MySQL has gotten better as time has gone on. I want to make that clear up front before I bash a handful of things about its current state. It has gone from being little more than an SQL front end to flat files to being almost a real database (if you use InnoDB and friends).

  • No full outer join; this one irritates me to no end when working on diff-type queries (ones that, like the diff utility in UNIX, take a set of rows and compare them against another set, getting a difference) because I have to union three queries together, rather than simply one query with a full outer join.
  • Constraints and concurrency are not enforced by default. You have to setup InnoDB to make it work properly. There is simply no excuse for not maintaining relationships in a RELATIONAL DATABASE. InnoDB is great, don't get me wrong, but I should not have to setup an add-on (and to run properly, you will need to configure the engine, at least a little) to get something so basic and fundamental. With MySQL 6.0, Sun has promised an end to this with Falcon, but that has yet to happen. 6.0 isn't out yet, and it wouldn't be fit for production use for a while longer even if it were.
  • Stored procedures. These were not added until version 5.0 of MySQL (many shops and shared hosts are still on 4!), but now they are here--sort of. The fact of the matter is that stored procedures really aren't usable in MySQL. The syntax is clumsy, requiring messing with delimiters to even create them. They do not work from the command line because of this, which makes testing harder. In addition, the syntax is lacking quite a bit featurewise. The easiest example of this is also what should be simplest: how do you iterate over a cursor? Simple 101 feature, right? Not really. At least, not in MySQL.

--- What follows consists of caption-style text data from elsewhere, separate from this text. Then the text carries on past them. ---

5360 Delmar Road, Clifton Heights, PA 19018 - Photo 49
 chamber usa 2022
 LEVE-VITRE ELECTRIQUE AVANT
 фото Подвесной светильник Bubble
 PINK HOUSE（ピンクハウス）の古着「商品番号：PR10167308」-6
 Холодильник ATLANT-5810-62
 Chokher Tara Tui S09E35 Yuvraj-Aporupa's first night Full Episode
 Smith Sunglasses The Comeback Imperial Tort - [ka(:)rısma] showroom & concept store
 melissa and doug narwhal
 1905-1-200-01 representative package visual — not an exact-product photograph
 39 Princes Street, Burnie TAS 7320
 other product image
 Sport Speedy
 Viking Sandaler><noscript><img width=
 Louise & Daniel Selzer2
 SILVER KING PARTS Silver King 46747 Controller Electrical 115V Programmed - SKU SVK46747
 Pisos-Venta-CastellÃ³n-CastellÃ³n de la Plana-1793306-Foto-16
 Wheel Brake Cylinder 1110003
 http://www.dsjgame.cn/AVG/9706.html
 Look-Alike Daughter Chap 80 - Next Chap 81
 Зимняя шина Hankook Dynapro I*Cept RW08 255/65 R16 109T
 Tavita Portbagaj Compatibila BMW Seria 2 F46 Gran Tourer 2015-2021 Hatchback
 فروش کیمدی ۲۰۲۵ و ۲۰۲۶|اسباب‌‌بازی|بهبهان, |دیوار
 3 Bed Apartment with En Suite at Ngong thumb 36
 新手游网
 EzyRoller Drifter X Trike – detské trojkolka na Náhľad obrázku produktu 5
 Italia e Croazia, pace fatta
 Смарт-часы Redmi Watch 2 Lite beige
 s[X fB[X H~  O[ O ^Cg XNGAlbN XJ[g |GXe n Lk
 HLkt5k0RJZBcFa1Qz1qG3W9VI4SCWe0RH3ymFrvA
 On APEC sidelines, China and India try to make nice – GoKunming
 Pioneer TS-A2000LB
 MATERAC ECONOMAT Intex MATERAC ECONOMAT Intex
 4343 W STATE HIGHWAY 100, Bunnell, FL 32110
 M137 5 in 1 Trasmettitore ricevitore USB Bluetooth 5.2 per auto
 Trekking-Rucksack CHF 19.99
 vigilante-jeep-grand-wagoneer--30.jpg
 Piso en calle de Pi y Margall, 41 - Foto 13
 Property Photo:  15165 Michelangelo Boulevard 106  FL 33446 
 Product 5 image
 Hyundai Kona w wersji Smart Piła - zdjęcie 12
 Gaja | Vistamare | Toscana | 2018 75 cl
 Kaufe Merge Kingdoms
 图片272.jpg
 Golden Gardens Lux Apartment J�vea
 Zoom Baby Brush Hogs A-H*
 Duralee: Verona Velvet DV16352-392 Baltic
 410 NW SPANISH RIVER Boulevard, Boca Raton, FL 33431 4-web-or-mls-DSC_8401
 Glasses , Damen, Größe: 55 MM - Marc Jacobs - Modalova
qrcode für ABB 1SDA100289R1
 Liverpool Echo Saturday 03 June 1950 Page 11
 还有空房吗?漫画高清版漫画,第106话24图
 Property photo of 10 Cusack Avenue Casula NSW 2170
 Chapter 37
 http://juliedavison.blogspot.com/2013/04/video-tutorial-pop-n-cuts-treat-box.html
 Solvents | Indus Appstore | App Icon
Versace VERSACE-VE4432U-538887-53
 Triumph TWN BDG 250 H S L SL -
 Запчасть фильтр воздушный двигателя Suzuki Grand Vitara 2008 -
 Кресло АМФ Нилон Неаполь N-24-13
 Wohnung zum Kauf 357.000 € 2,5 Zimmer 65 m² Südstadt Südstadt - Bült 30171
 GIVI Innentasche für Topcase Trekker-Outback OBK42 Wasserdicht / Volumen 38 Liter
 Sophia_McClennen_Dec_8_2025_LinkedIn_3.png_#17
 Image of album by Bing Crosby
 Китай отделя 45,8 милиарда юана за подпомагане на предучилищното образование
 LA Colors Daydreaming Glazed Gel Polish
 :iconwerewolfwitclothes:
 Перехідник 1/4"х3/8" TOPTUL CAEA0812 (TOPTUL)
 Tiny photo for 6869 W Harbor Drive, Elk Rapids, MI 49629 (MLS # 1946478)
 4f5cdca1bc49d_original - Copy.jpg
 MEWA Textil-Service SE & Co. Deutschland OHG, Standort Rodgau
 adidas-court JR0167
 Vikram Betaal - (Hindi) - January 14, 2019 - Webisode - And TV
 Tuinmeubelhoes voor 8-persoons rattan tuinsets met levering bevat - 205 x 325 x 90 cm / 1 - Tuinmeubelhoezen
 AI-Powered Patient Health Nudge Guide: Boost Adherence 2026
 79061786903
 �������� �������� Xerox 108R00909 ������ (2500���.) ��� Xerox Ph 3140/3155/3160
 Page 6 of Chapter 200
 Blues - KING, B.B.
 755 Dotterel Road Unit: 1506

Those are the biggest things I can think of off the top of my head. I've got a hunch that I would not be happy about replication or binary logging either if I had the time to set them up. Now for any of you reading this (if anyone does read this), you may ask: why not just use PostgreSQL? Or Oracle? Or even Microsoft SQL Server? The shop I am working in will not invest the sums for Oracle or MS SQL Server, so those are out. The current reality is that we will not be leaving MySQL any time soon.